══ DATA BLOCK ══
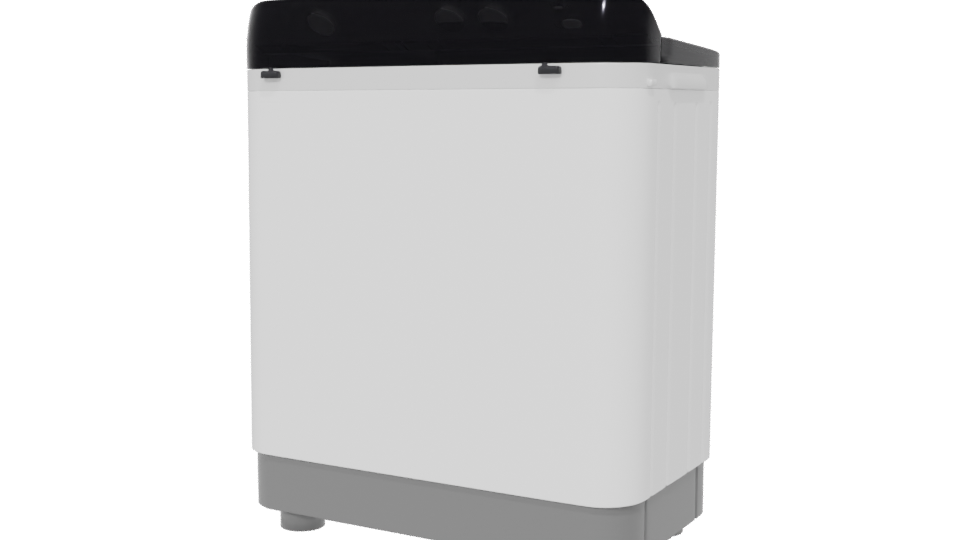 Compact Twin Tub Washing Machine 3D - Professional 3D Model Render 6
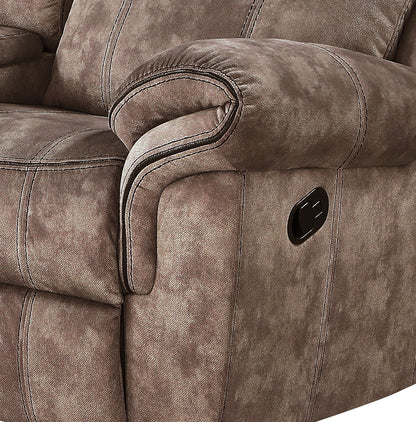 Zubaida - Two Tone Velvet Recliner Loveseat With USB Port Console - Chocolate
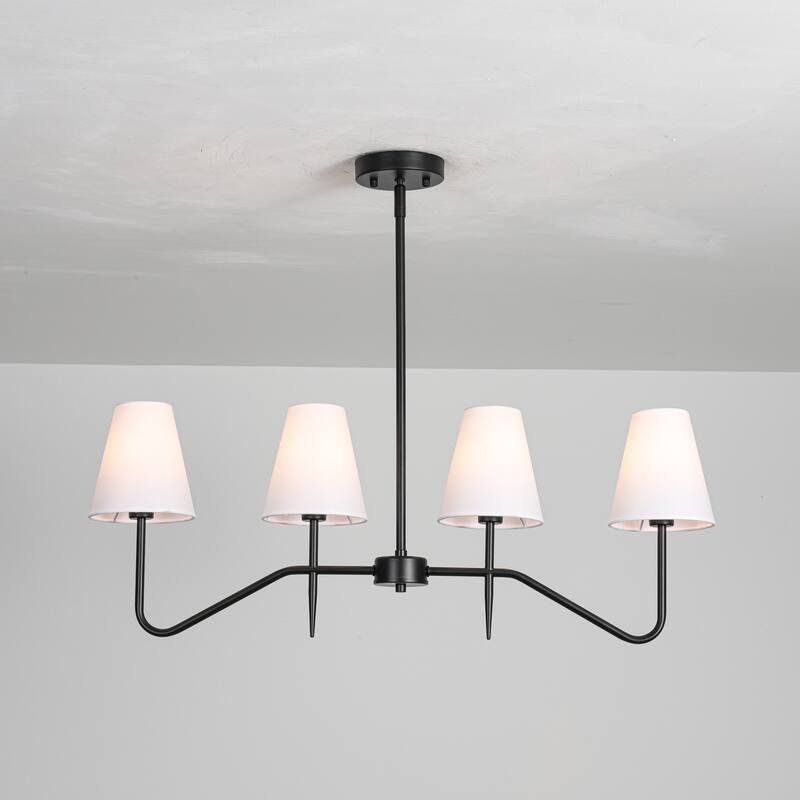 32.3" 4-Light Mid-Century Modern Gold/Black with Fabric White Cone Shades Kitchen Island Pendant Light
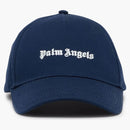 Palm Angel's Logo-Print Cotton Snapback Cap Navy Blue/White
═══
**AIM OF THE EXERCISE**
Copy exactly, please, every line from the one holding "Island Pendant Light" through the last line of the data, both ends included, and no pictures.

**OUTPUT**
 32.3" 4-Light Mid-Century Modern Gold/Black with Fabric White Cone Shades Kitchen Island Pendant Light
 Palm Angel's Logo-Print Cotton Snapback Cap Navy Blue/White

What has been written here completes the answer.